On March 2, 1987, three superstars - two of them huge on the country charts, the third best known for her work in pop but with a history of bouncing from one musical genre to the next - released their first album as a threesome, giving it a title that instantly informed consumers just how many individuals were in the group: Trio.
The mutual admiration society between Dolly Parton, Emmylou Harris, and Linda Ronstadt stretched back more than a decade before they finally managed to enter the studio to record an album together. Indeed, they’d taken a shot at trying to do such an album in the ‘70s, even recording a few songs here and there, but things got problematic because all three of them were on different record labels. As a result, some of the songs managed to make it onto their individual albums, but that’s as far as it got at the time.
Having mentioned this, we know you’re probably curious, so if you’d like to check out some of those tracks, here’s where to find them:
“Even Cowgirls Get the Blues” (Emmylou Harris, Blue Kentucky Girl, 1979)
“Evangeline” and “Mr. Sandman” (Emmylou Harris, Evangeline, 1981)
“My Blue Tears” (Linda Ronstadt, Get Closer, 1982)

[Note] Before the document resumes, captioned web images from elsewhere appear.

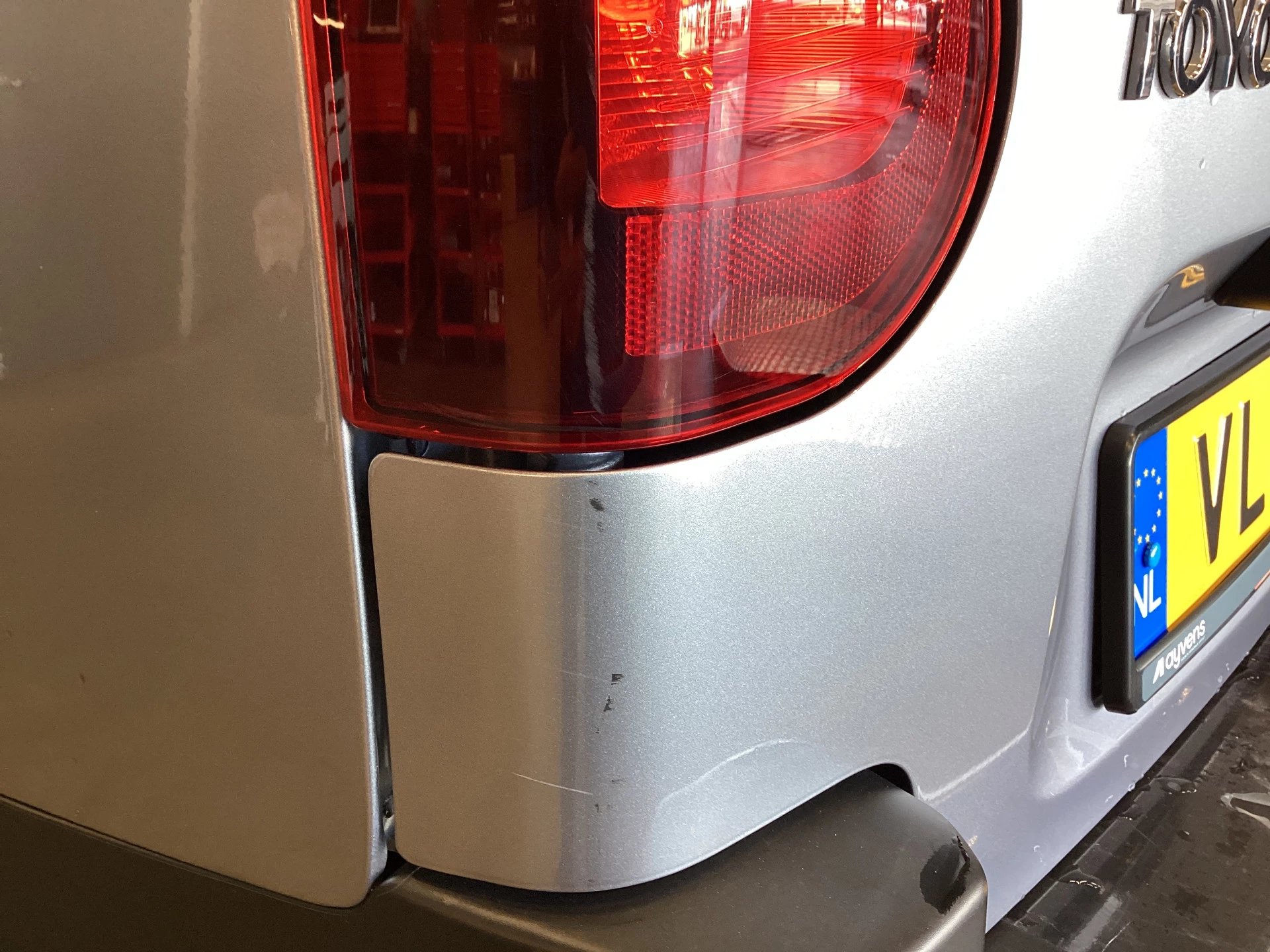 Hoofdafbeelding Toyota ProAce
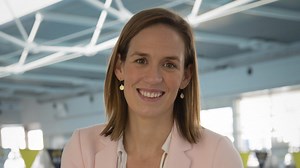 Olympic hero reveals hidden challenge behind success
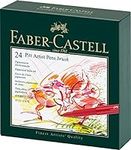 Faber-Castel Pitt Artist Brush Pens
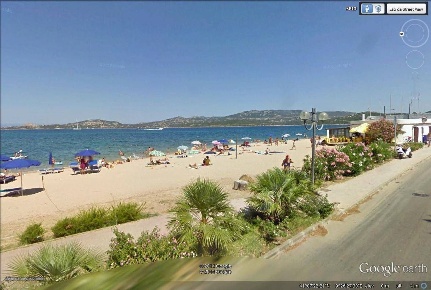 Foto Terreno residenziale in Le Maree, Arzachena Cannigione di 1750 m²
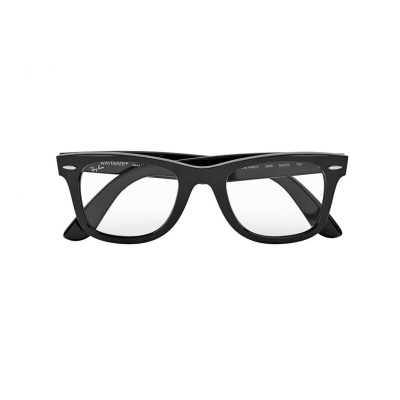 Ray-Ban RB4340V-2000 Wayfarer Ease унисекс ретро рамка за очила Ray-Ban RB4340V-2000 Wayfarer Ease унисекс ретро рамка за очила
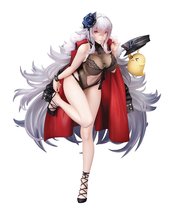 AZUR LANE GRAF ZEPPELIN 1/7 PVC FIG (MR)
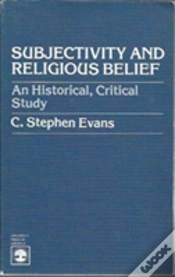 Capa do artigo Subjectivity And Religious Belief
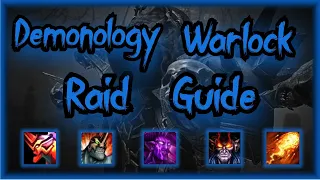 Demonology Warlock PvE Guide - Talents, Rotations, Gearing, Glyphs, Stats, Gems, Enchants, Consumes.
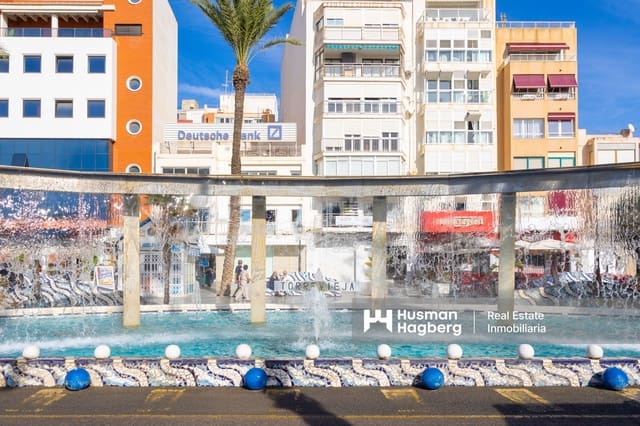 3 bedroom Apartment for sale in El Molino, Torrevieja with pool - € 295,000 (Ref: 9417725)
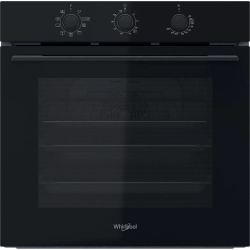 Духовой шкаф электрический Whirlpool OMK38HU0B Духовой шкаф электрический Whirlpool OMK38HU0B
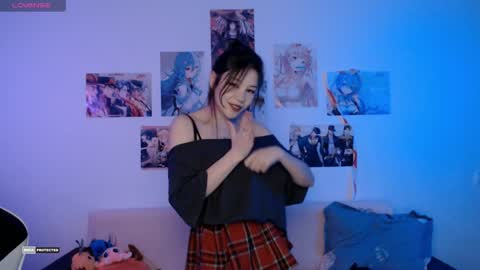 HugoMin online show from 12-22-24, 12:28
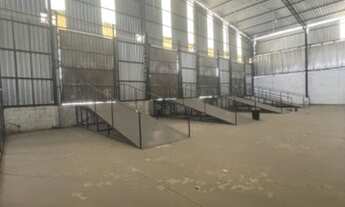 Imagem 2: Alugo Galpão de 2.000m²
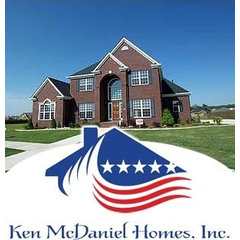 Ken McDaniel Homes Inc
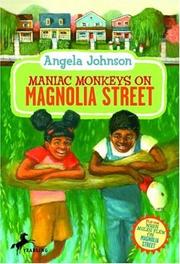 Cover of: Maniac Monkeys on Magnolia Street & When Mules Flew on Magnolia Street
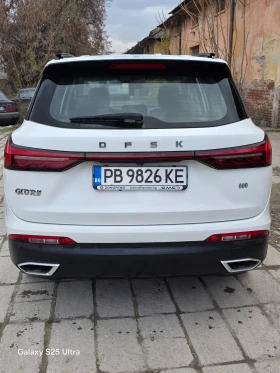 DONGFENG 600 1.5 - 25500 € / 49873.67 лв. - 85416784 4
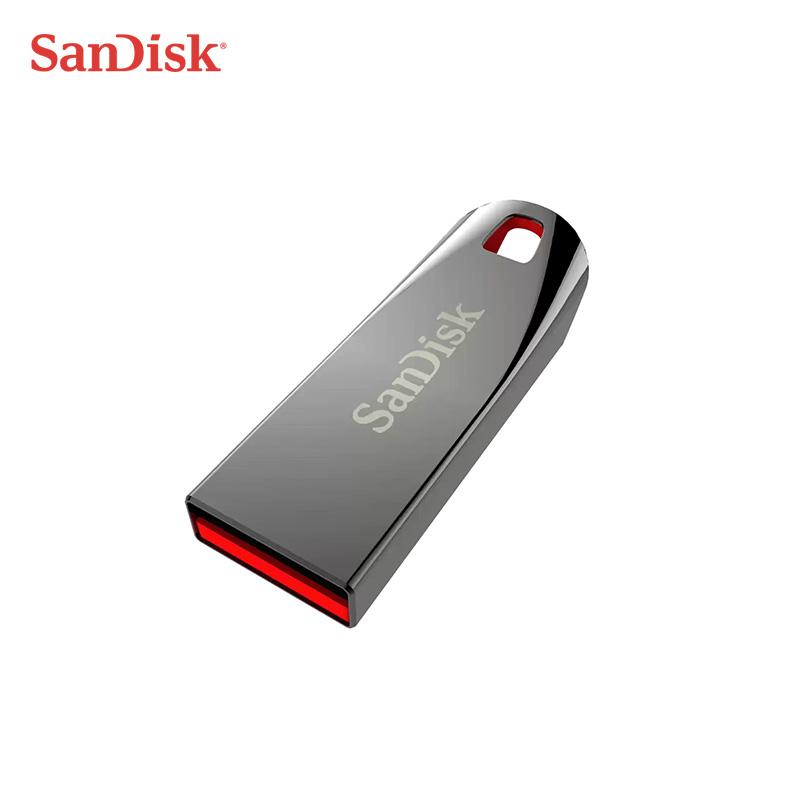 USB-Флешки USB-накопитель SanDisk Cruzer Force 16GB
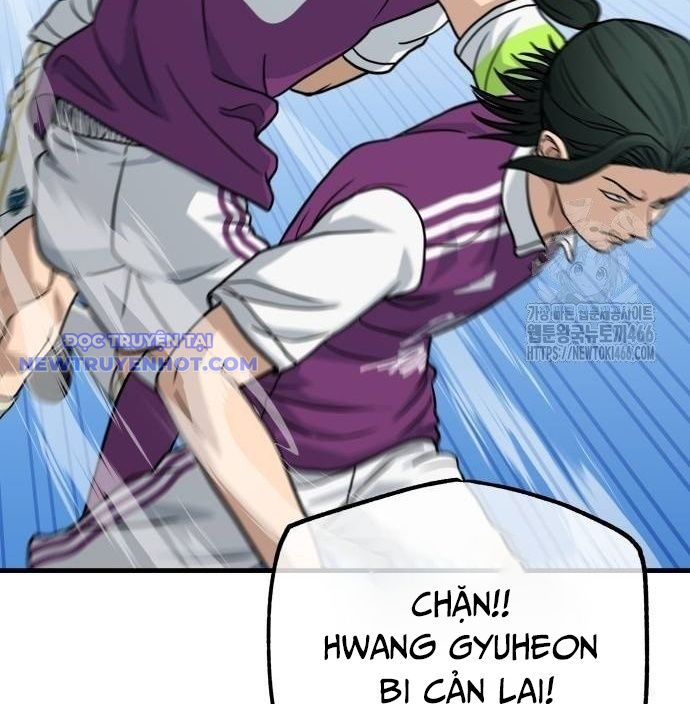 Thủ Môn - Chương 39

“Palms of Victory” (Emmylou Harris, Songbird: Rare Tracks and Forgotten Gems, 2007)
Mind you, there are plenty of other occasions where one of them covered a song by one of the others, and there were also instances where two of the three worked together, like when Emmylou joined Linda to cover Hank Williams’ “I Can’t Help It (If I’m Still in Love with You” for Linda’s 1974 album Heart Like a Wheel, or when Dolly joined Linda for a cover of “I Will Never Marry” for Linda’s 1977 album Simple Dreams.
It took until January 1986, however, for all three of them to find their way into the studio and finally begin recording the album that would become Trio.
Produced by George Massenburg and recorded variously at Ocean Way Recording in Hollywood, Woodland Studios in Nashville, and The Complex in West Los Angeles, Trio featured a unique mixture of songs, most of which were covers. In addition to a version of “To Know Him is to Love Him,” by Phil Spector’s early group The Teddybears, the threesome also tacked tunes by Jimmie Rodgers (“Hobo’s Meditation”), Linda Thompson (“Telling Me Lies”), and Kate McGarrigle (“I’ve Had Enough”), among others, and the album closes with two traditional tunes: “Rosewood Casket” and “Farther Along.”
The critical reaction was as positive as you’d expect from an album by three of the most acclaimed pop artists of their era, and the album performed extremely well on the charts, too: in addition to the anticipated topping of the Billboard country albums chart, it also hit No. 6 on the Billboard 200. Unsurprisingly, it also provided the group with a whole lot of country airplay, delivering four Top 10 singles: “To Know Him is to Love Him” topped the chart, “Telling Me Lies” hit No. 3, “Those Memories of You” climbed to No. 5, and “Wildflowers” found its way to No. 6. Beyond that, the album won the Grammy for Best Country Performance by a Duo or Group with Vocal, and it was also nominated for Album of the Year, with “Telling Me Lies” nominated for Best Country Song.
Alas, it would be another dozen years before the world was privy to the sequel album, Trio II, which was released in 1999, but what’s most annoying about the album is that it was actually recorded in 1994 because...
Ah, but that’s a story for another time. For now, just listen to the first Trio album. It’s got plenty of wonderful tunes to hold you over ‘til we get around to telling the Trio II tale.